Ladders are used in a wide variety of settings at the University of Manitoba. Unsafe use of ladders can result in injury, often due to these factors:

  • Improper selection of an appropriate ladder.
  • Setting up and climbing ladders improperly.
  • Losing balance or overreaching while on a ladder.
  • Using a metal ladder near electrical hazards.

The University of Manitoba’s Ladder Safety Program is based on the Canadian Standards Association (CSA) Standard CAN3-Z11-M81: “Portable Ladders” and Part 13 of the Manitoba Workplace Health and Safety Regulation. The Ladder Safety Program, available on the UM Intranet, outlines the roles and responsibilities of employees and supervisors and information on how to properly use, handle, and store ladders in the workplace. Contact EHSO for further information or assistance.

Electrical safety

Electrical work requires specific training to ensure worker safety. The Workplace Safety and Health Regulation defines an "electrical worker" as a person authorized to do electrical work or restricted electrical work under The Electricians' Licence Act.

The University of Manitoba ensures that only a trained and competent electrical worker is assigned to do electrical work. The University has also developed safe work procedures on how to perform electrical work, which can be accessed through the EHSO UM Intranet page.

To ensure compliance with Part 38 of the Workplace Safety and Health Regulation, the University’s Electrical Safety Program includes elements such as:

  • Hazard assessments and safe work procedures.
  • Emergency procedures for contact with energized electrical equipment.
  • The requirement that only electrical workers perform electrical work.
  • The requirement that electrical work performed at the University meets the requirements of the Electricians' License Act as well as the Manitoba Electrical Code.

For guidance on the University’s Electrical Safety Program, contact EHSO.

Lockout and tag out

What is lockout?

Lockout/tag out assists employees in working safely when energy isolation is required due to hazardous energy being present. Types of hazardous energy may include:

  • Electrical: The most common form of energy used in workplaces. It can be available live through power lines or it can also be stored, for example, in batteries or capacitors.
  • Pneumatic: The energy stored within pressurized air.
  • Chemical: The energy released when a substance undergoes a chemical reaction.
  • Thermal energy: from an explosion, flame, objects with high or low temperatures, or radiation from heat sources.
  • Radiation energy: related to ionizing, low-frequency electromagnetic, optical, or radio-frequency electromagnetic radiation.
  • Kinetic: Also referred to as mechanical energy, this is energy contained in an item under tension.

When is de-energization and lockout required?
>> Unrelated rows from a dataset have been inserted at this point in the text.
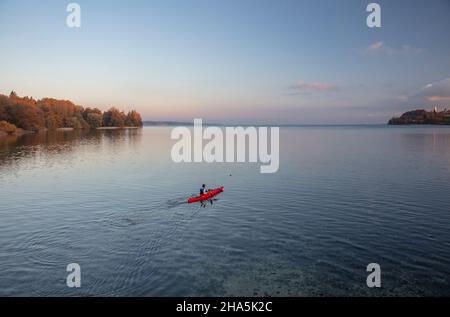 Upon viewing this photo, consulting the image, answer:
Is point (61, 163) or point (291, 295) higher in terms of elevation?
point (61, 163)

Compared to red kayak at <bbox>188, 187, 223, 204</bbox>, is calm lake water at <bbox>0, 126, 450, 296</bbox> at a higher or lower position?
lower

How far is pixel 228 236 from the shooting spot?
2903 cm

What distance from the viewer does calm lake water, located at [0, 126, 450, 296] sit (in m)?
20.6

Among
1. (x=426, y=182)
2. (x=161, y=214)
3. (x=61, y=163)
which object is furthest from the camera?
(x=61, y=163)

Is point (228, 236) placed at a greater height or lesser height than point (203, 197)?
lesser

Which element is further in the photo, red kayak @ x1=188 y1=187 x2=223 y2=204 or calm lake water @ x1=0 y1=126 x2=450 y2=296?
red kayak @ x1=188 y1=187 x2=223 y2=204

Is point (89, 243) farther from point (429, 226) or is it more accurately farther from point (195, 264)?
point (429, 226)

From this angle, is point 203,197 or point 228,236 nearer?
point 228,236

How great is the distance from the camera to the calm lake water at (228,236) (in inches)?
811

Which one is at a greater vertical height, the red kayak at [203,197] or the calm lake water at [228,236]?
the red kayak at [203,197]

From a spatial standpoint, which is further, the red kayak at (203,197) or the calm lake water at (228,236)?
the red kayak at (203,197)

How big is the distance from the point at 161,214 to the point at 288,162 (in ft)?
158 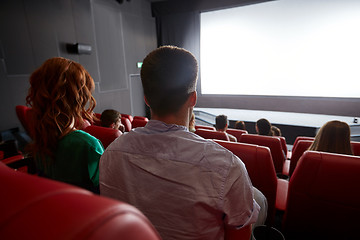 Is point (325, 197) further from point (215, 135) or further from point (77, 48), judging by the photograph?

There are various instances when lockout/tag out is required at the University. Examples may include installing, repairing, or servicing machinery, equipment, or systems. Before any work begins, hazard/risk assessments must be conducted to identify hazardous energy related to the work performed. Elements that are included in the process are:

  • Identifying all tasks to be performed.
  • Identifying all potential sources of hazardous energy.
  • Assessing the risk level for each task and the corresponding hazard.
  • Determine how to de-energize each identified energy source.
  • Identify each de-energized energy control device that must be locked out.

For guidance on the Lockout/Tag Out Program, contact EHSO.

Confined spaces

Safety legislation in Manitoba defines a confined space as an enclosed or partially enclosed space that, except to perform work, is not primarily designed, or intended for human occupancy, and has restricted means of access or egress.

A hazardous confined space means a confined space that is or may become hazardous to a worker who enters or is in the space due to the design, construction or atmosphere of the space, materials or substances in the space, the work activities or processes in the space or any other conditions within or related to the space.

The University of Manitoba has developed and implemented safe work procedures for working in confined spaces and hazardous confined spaces. The University also ensures it trains employees who may perform work in a confined space or hazardous confined space.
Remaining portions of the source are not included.